Prévention : le grand défi du quinquennat
Priorité affichée du précédent quinquennat, la prévention reste le parent pauvre des dépenses publiques. L’observatoire santé et innovation de l’Institut Sapiens propose des solutions concrètes pour exploiter son potentiel médico-économique.
La prévention sera-t-elle enfin considérée comme une priorité publique ? A tout le moins, l’intitulé du ministère confié à Brigitte Bourguignon marque une rupture idéologique. Derrière l’affichage politique, le nouveau gouvernement doit désormais concrétiser la promesse. Il doit rapidement dévoiler sa stratégie et investir massivement*. Au même titre que le progrès médical, l’accès aux soins et la santé mentale, la thématique fait partie des quatre grands chantiers du quinquennat, selon l’observatoire santé et innovation de l’Institut Sapiens, un cercle de réflexion indépendant et non partisan qui souhaite peser sur le débat économique et social. « La hausse des pathologies chroniques, accentuée par le vieillissement de la population et le péril infectieux, menace la santé de nos concitoyens et la soutenabilité du système de soins.
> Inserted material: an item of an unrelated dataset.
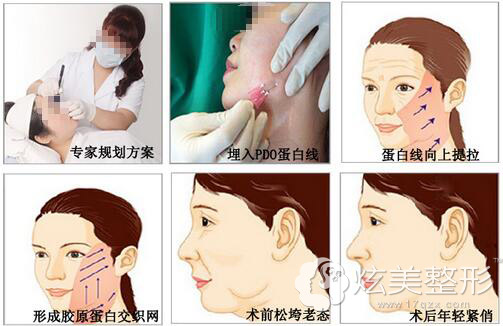 �沿������Ч���Æ��ܾS�ֶ��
Seule une approche préventive nous permettra de relever tous ces défis », estime Josette Guéniau, sa présidente. Citée en exemple, la pandémie a démontré ses bienfaits, notamment dans les domaines du dépistage et de la vaccination.
Une action globale
Les membres de l’observatoire santé et innovation plaident pour une action globale, en amont et en aval de la maladie. « La fausse bonne idée serait de réduire la prévention à ses dimensions primaires et secondaires. Il faut impérativement prévenir les complications liées aux affections de longue durée », souligne Josette Guéniau. Parmi d’autres recommandations, elle préconise notamment de promouvoir l’éducation à la santé dès l’école primaire, en associant les parents et en formant toutes les personnes au contact des enfants. Elle réclame également la généralisation immédiate des bilans de prévention dans les entreprises pour favoriser la détection précoce des signaux faibles. « Le CSE doit être doté de compétences spécifiques pour organiser et contrôler ces démarches. La contribution aux actions de prévention doit être un critère à part entière en matière de RSE. » Autre suggestion notable : le développement d’une rémunération forfaitaire significative, dédiée au suivi des parcours de soins des patients en ALD. Facilitée par le progrès technologique et la subsidiarité entre professionnels de santé, cette orientation nécessitera cependant l’intervention des assureurs complémentaires pour co-financer des paniers de soins de prévention tertiaire… propres à chaque pathologie chronique.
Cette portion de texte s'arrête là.